Thanks man, yea the floor is real easy just a royal pain in the ass to get level, but once it's level it's solid as a rock!


----------



## ericogg (Mar 30, 2012)

How does that anti slip stuff you added to paint seem to work out? I was thinking about doing the same for my boat but wasn't sure how well I'd like it


----------



## Mass_Bass (Mar 30, 2012)

Just a quick question on what type of screws (hardware) guys are using to mount the plywood to benches or like you did to the bow of your boat...

Looks great - thanks...


----------



## JamesM56alum (Mar 30, 2012)

Well the floor on the front i drilled and put 3 carraige head bolts with nylon locking nut's and then to mount to the benches it depends on if it's a sealed bench, if it's a sealed bench it need's to be long course thread stainless self drilling bolts, and if it's open bottom just a stainless nut and bolt is all you need.

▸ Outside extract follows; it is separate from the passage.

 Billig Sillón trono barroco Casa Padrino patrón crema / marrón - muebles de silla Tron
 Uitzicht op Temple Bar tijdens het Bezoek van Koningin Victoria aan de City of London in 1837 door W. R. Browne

The antislip stuff work's wonders, at first i wasnt impressed since it took 3 coats to get it to stick pretty good, after you let it cure and sit for a few days it gets really solid as a rock.


----------



## ericogg (Mar 31, 2012)

Well that's good to hear. Did you use any type of sealer for the wood or did you just put that straight on the wood?


----------



## JamesM56alum (Mar 31, 2012)

Helmsman sparr is the best sealer out there, but i would suggest sanding the wood after you seal it before you try to paint because the first time i tried to paint it, the paint didnt stick so i had to do a light sand with some 80grit and that did the trick.

Also had to redo the bulge pump, the velcro didnt hold as well as i would have liked so i just drilled and mounted it to the transom brace.

Well she went out on the water today for an all day run, old girl did awesome but sadly didnt get a single bite all day on 3 different lakes. 

Here's some pic's from last night and today at the lakes.


----------



## acwd (Mar 31, 2012)

Looks good! Ride pretty good? Water looks choppy. So did the wife approve? Cant wait to get my boat done!

Steve


----------



## JamesM56alum (Apr 1, 2012)

Water was really crappy, that was the calm side of the lake cause it was on the bottom side of the hill, but the boat ran awesome and cut through the water like a knife, but me an the wife were both seriously pissed off at the weather man cause it was supposed to be 70 that day but it never broke 45 for the high, weather man seriously botched that one.


----------



## Jdholmes (Apr 2, 2012)

I see your wife is like mine and won't get on the boat without a lifejacket on.


----------



## jasper60103 (Apr 2, 2012)

yea, Saturday was a really crappy day, but at least no waiting at the launch. :mrgreen: 
The rig looks great on the water.
Glad the shake down test went well. That's rare. Thanks for sharing.
-jasper


----------



## JamesM56alum (Apr 2, 2012)

lol yea man she wont step foot off the dock with out her vest on, i usually only wear mine in rough water or river's but i assure you it's close by just incase our friend the DNR want's to make a quick inspection. 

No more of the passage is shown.